**Work order**
Begin at the line below that has "Torchlight 3. Обзор игры в раннем доступе". Stop after the line that has "Pagonazh_7 (vector for CNC machine)", repeating each line exactly and leaving out the pictures.

**Source records**
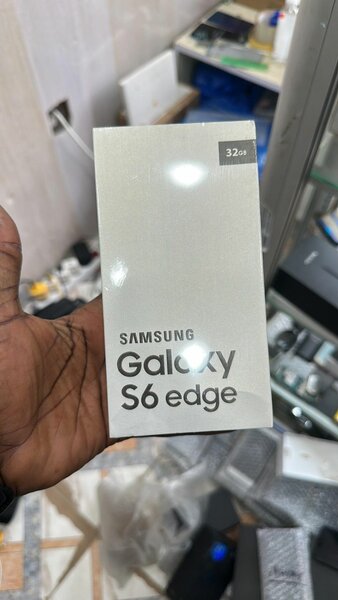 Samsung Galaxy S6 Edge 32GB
==
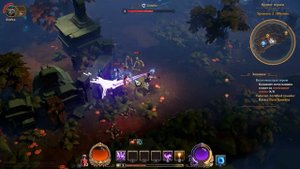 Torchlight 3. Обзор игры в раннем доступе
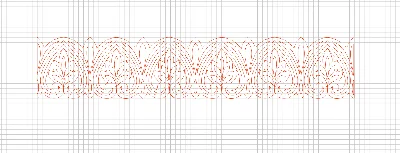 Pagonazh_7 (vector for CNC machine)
* * *
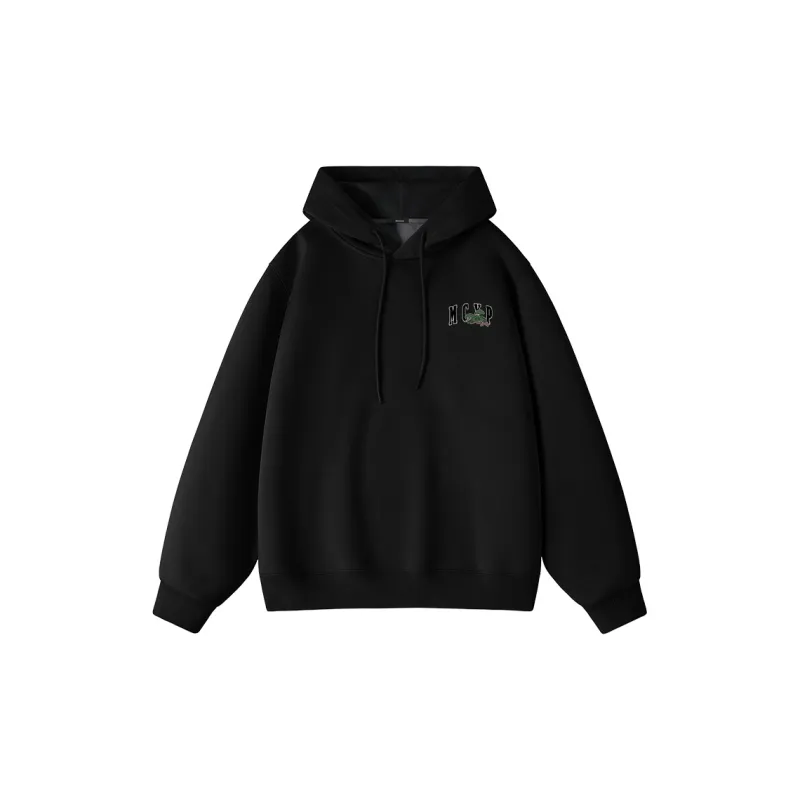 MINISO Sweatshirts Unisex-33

**Response to the task**
 Torchlight 3. Обзор игры в раннем доступе
 Pagonazh_7 (vector for CNC machine)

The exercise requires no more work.